Türkiye’de rüzgar enerjisinde 48 ildeki türbinlerle 11 bin MW’a yaklaşan bir kapasite oluştu. En yüksek kapasiteye sahip İzmir, rüzgardan en çok elektrik üreten şehir oldu. Anadolu Ajansı’ndan Gülşen Çağatay’ın Enerji ve Tabii Kaynaklar Bakanlığı’ndan aldığı verilere göre, Türkiye’nin elektrik kurulu gücü Mart sonu itibarıyla 100 bin 334 MW’a, rüzgar enerjisi kurulu gücü ise 10 bin 861 MW’a ulaştı. Rüzgar enerjisinin elektrik kurulu gücündeki payı da %10,8 oldu. Türkiye, geçen yıl rüzgar enerjisinde yaklaşık 1750 MW’la yıllık bazda tarihindeki en yüksek kapasite artışını gerçekleştirdi. Rüzgar enerjisinde 10 bin MW kurulu güce ulaşılarak bu alanda bir eşik de aşılmış oldu. Türkiye’de geçen yıl devreye alınan elektrik kurulu gücünün yarısını rüzgar enerjisi santralleri oluşturdu.

Enerji ve Tabii Kaynaklar Bakanlığı’nın, Resmi Gazete’de yayımlanan “Maden Yönetmeliğinde Değişiklik Yapılmasına Dair Yönetmeliği” Türkiye’nin gündeminde olmayı sürdürüyor. Son olarak, Milas Kent Konseyi, Muğla’nın Milas ilçesine bağlı İkizköy’deki asırlık zeytin ağaçlarının geçen günlerde maden ocağı açmak için kesilmesine tepki olarak “Zeytin Hayat, Hayatıma Dokunma” mitingi düzenledi. Mitinge katılan yaşam savunucuları, “Akbelen ormanını vermeyeceğiz”, “Zeytin hayat, hayatıma dokunma” sloganları eşliğinde yürüyerek miting alanına geldi. Mitinge Bodrum, Yatağan, Muğla, Marmaris, Aydın, Denizli ve İzmir’den yaşam savunucuları ile çevre STK’ları katıldı. Konu ile ilgili change.org/ikizkoydireniyor adresinde imza kampanyası sürüyor.
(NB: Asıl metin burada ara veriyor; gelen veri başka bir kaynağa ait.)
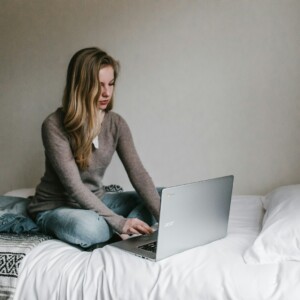 A Silver Amore - Short Term - Silver Room (AC + TV) - Single Occupancy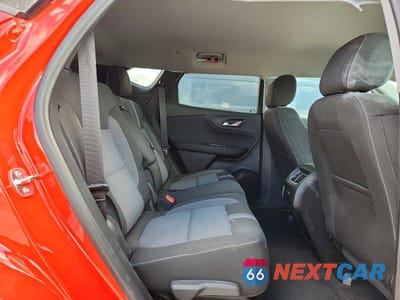 Zdjęcie 11 z 13 samochodu: 2026 CHEVROLET BLAZER 2LT VIN:3GNKBCR42TS174960 - miniatura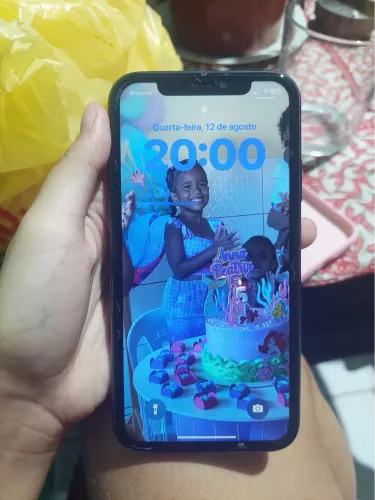 iPhone 11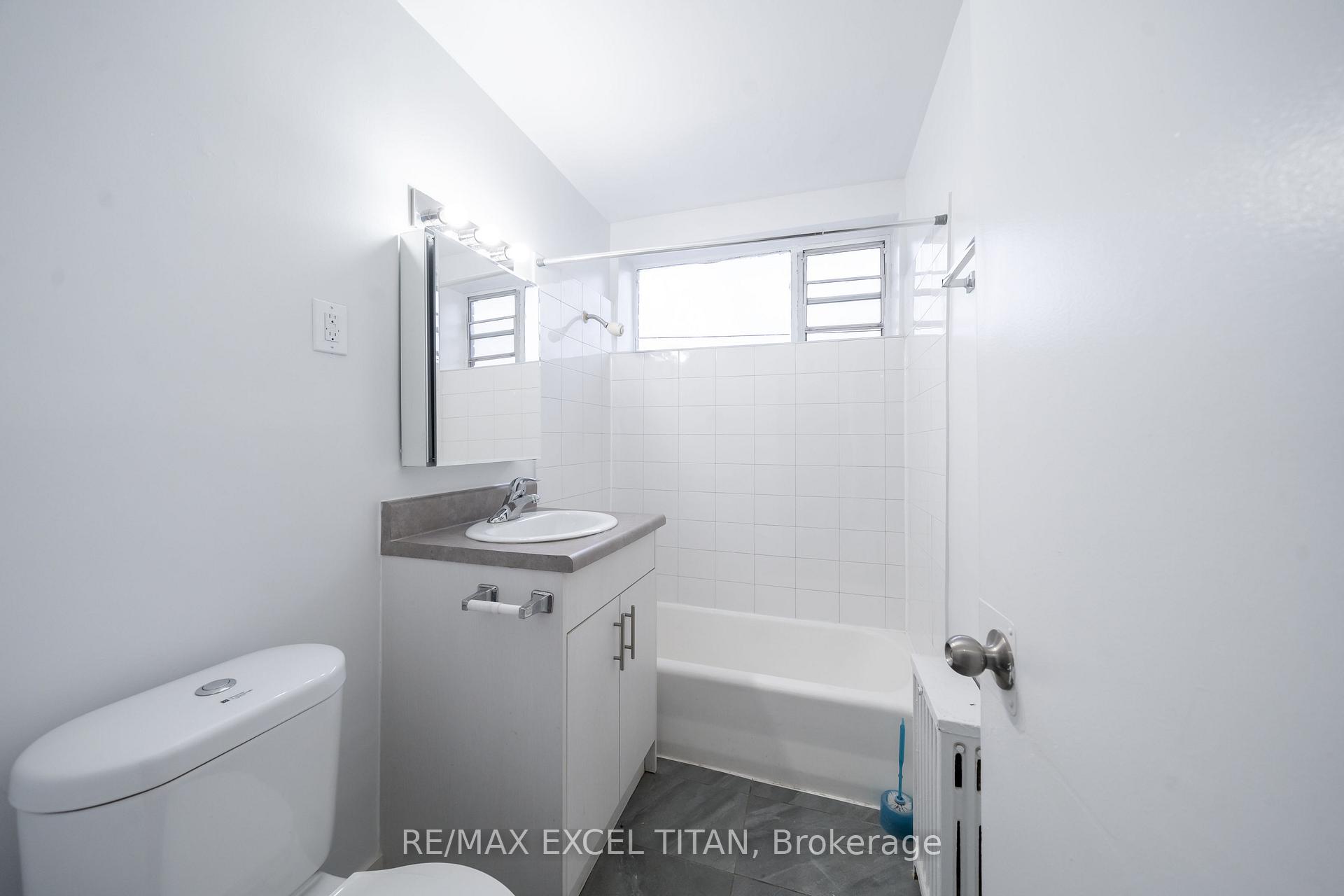 Photo 11 of Unit 106, 2507 Eglinton Avenue W, Toronto, Keelesdale-Eglinton West — HOMEH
Çevre, Şehircilik ve İklim Değişikliği Bakanlığı tarafından Resmi Gazete‘de yayımlanan yönetmelik ile belediyelerin norm ve  kadrolarında değişiklik yapıldı. Buna göre 30 büyükşehir belediyesine “İklim Değişikliği ve Sıfır Atık Daire Başkanı” oluşturuldu. 51 il belediyesi ile nüfusu 50 binin üzerinde olan belediyelere de “İklim Değişikliği ve Sıfır Atık Müdürü” kadro unvanı verildi ve bu birimlerin kurulması zorunlu hale getirildi. Ayrıca, belediyeler ile 50 binin üzeri nüfusa sahip mahalli idarelerde en az 2 çevre mühendisi veya çevre görevlisi; 20-50 bin arasında nüfusa sahip mahalli idarelerde en az bir çevre mühendisi veya çevre görevlisi bulundurulması zorunluluğu getirildi.

Tekirdağ'ın Marmaraereğlisi ilçesindeki Kamara Deresi'ne atık suyunu akıtarak nehrin renginin değişmesine neden olan tesise 500 bin lira ceza kesilerek faaliyetinin durdurulduğu bildirildi. İl Çevre, Şehircilik ve İklim Değişikliği Müdürlüğü'nden yapılan açıklamada, Kamara Deresi'nin kırmızı renkli aktığı yönünde ihbarlar üzerine aynı gün ivedilikle olay yerine intikal edildiği belirtildi. Ekiplerin yaptığı inceleme sonucu kirliliğin, plastik çapak yıkama ve granül üretimi konusunda faaliyet gösteren plastik geri dönüşüm tesisinden kaynaklandığının tespit edildiğine işaret edilen açıklamada şu ifadelere yer verildi: “Kirliliğe neden olduğu tespit edilen söz konusu plastik çapak yıkama ve geri dönüşüm tesisinin Çevre İzin ve Lisans Belgesi'nin bulunmadığı tespit edildi ve dereye verilen atık sudan analiz yapılmak üzere numune alındı. Müdürlüğümüz tarafından Çevre Kanunu kapsamında söz konusu işletmeye çevre izin ve lisans belgesinin bulunmaması nedeniyle ve dereye atık sularını vermesi nedeniyle 500 bin lira ceza cezası kesilerek faaliyet durdurma işlemi tesis edilecek olup ayrıca Cumhuriyet Başsavcılığı'na suç duyurusunda bulunulacak."